- Seyyedlar
- Coordinates: 39°03′15″N 47°39′55″E﻿ / ﻿39.05417°N 47.66528°E
- Country: Iran
- Province: Ardabil
- County: Ungut
- District: Darrehrud
- Rural District: Darrehrud-e Jonubi

Population (2016)
- • Total: 85
- Time zone: UTC+3:30 (IRST)

= Seyyedlar, Ungut =

Village in Ardabil province, Iran

Seyyedlar (سيدلر) (Note: Also romanized as Seyyed Lar; also known as Naftalu (نفتلو) and Seidlyar) is a village in Darrehrud-e Jonubi Rural District of Darrehrud District in Ungut County, Ardabil province, Iran.

==Demographics==
===Population===
At the time of the 2006 National Census, the village's population was 148 in 31 households, when it was in Angut-e Gharbi Rural District of Ungut District (Note: Renamed the Central District of Ungut County) in Germi County. (Note: Formerly Moghan County) The following census in 2011 counted 109 people in 28 households.

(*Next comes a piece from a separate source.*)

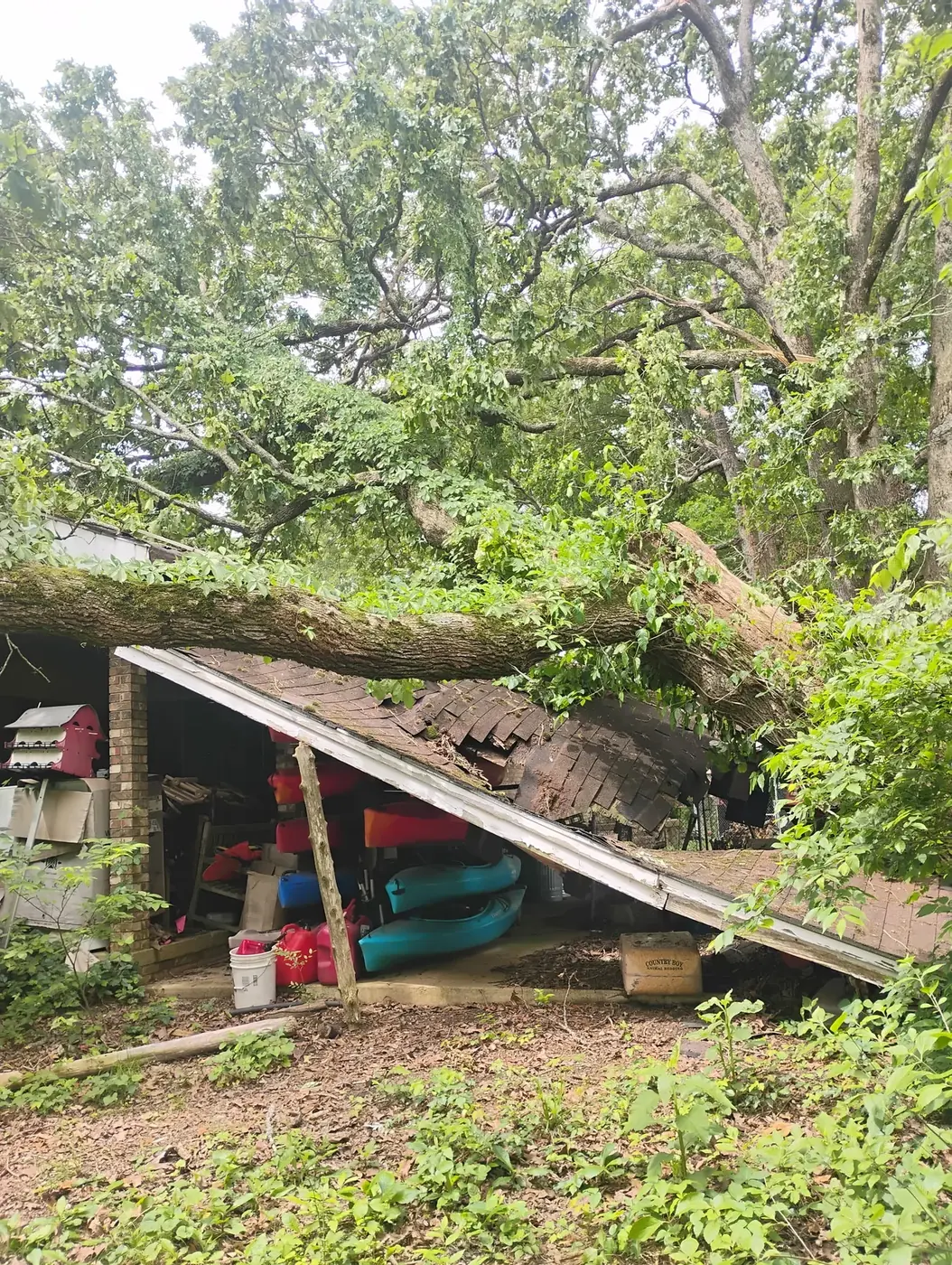 Large tree across a roof before removal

The 2016 census measured the population of the village as 85 people in 32 households.

In 2019, the district was separated from the county in the establishment of Ungut County and renamed the Central District. Seyyedlar was transferred to Darrehrud-e Jonubi Rural District created in the new Darrehrud District.